In [8]:
import os
import sys
import spark_utils as sut
import pandas as pd

os.environ['PYSPARK_PYTHON'] = sys.executable
os.environ['PYSPARK_DRIVER_PYTHON'] = sys.executable

## Demo dataframe

In [9]:
from pyspark.sql import SparkSession
from pyspark.sql.types import StructType, StructField, IntegerType, StringType

# Initialize SparkSession
spark = SparkSession.builder \
    .appName("SparkFunctionDemo") \
    .getOrCreate()

# Define schema for the DataFrame
schema = StructType([
    StructField("ID1", IntegerType(), True),
    StructField("ID2", StringType(), True),
    StructField("Name", StringType(), True),
    StructField("Age", IntegerType(), True),
    StructField("City", StringType(), True)
])

# Sample data with duplicates based on ID1 and ID2
data = [
    (101, 'A', 'Alice', 25, 'New York'),
    (102, 'B', 'Bob', 30, 'Los Angeles'),
    (103, 'A', 'Alice', 26, 'San Francisco'),
    (104, 'C', 'Charlie', 35, 'Chicago'),
    (105, 'B', 'Bob', 30, 'Los Angeles'),
    (101, 'A', 'Alice', 25, 'NY')  
]

# Create Spark DataFrame directly
df = spark.createDataFrame(data, schema=schema)

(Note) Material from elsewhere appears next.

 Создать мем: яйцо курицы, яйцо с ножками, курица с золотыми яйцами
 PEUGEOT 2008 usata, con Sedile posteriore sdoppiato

# Show the Spark DataFrame
df.show()


+---+---+-------+---+-------------+
|ID1|ID2|   Name|Age|         City|
+---+---+-------+---+-------------+
|101|  A|  Alice| 25|     New York|
|102|  B|    Bob| 30|  Los Angeles|
|103|  A|  Alice| 26|San Francisco|
|104|  C|Charlie| 35|      Chicago|
|105|  B|    Bob| 30|  Los Angeles|
|101|  A|  Alice| 25|           NY|
+---+---+-------+---+-------------+



# Custom pySpark functions

## shape

In [11]:
sut.shape(df)

Number of rows: 6
Number of columns: 5


## print schema alphabetically

In [12]:
sut.print_schema_alphabetically(df)

root
 |-- Age: integer (nullable = true)
 |-- City: string (nullable = true)
 |-- ID1: integer (nullable = true)
 |-- ID2: string (nullable = true)
 |-- Name: string (nullable = true)



## verify primary key

In [13]:
id_cols = ['ID1', 'ID2']
sut.is_primary_key(df, id_cols)

Total row count after filtering out missings: 6
Unique row count after filtering out missings: 5
The column(s) ID1, ID2 does not form a primary key.


False

## find duplicates

In [14]:
if sut.is_primary_key(df, id_cols) == False:
    dups = sut.find_duplicates(df, id_cols)
    dups.show()

Total row count after filtering out missings: 6
Unique row count after filtering out missings: 5
The column(s) ID1, ID2 does not form a primary key.
+-----+---+---+-----+---+--------+
|count|ID1|ID2| Name|Age|    City|
+-----+---+---+-----+---+--------+
|    2|101|  A|Alice| 25|New York|
|    2|101|  A|Alice| 25|      NY|
+-----+---+---+-----+---+--------+



## identify columns responsible for dups

With our simple dummy table, we can easily tell that the dups are due to `City` column. But when you have very wide table and many dups, this task becomes much trickier. The `cols_responsible_for_id_dups` function comes in rescue by summarizing the `difference_counts` for each column based on the primary key(s) provided.

In [7]:
if sut.is_primary_key(df, id_cols) == False:
    dup_cols = sut.cols_responsible_for_id_dups(df, id_cols)
    dup_cols.show()

Total row count after filtering out missings: 6
Unique row count after filtering out missings: 5
The column(s) ID1, ID2 does not form a primary key.
+--------+-----------------+
|col_name|difference_counts|
+--------+-----------------+
|    City|                1|
|    Name|                0|
|     Age|                0|
+--------+-----------------+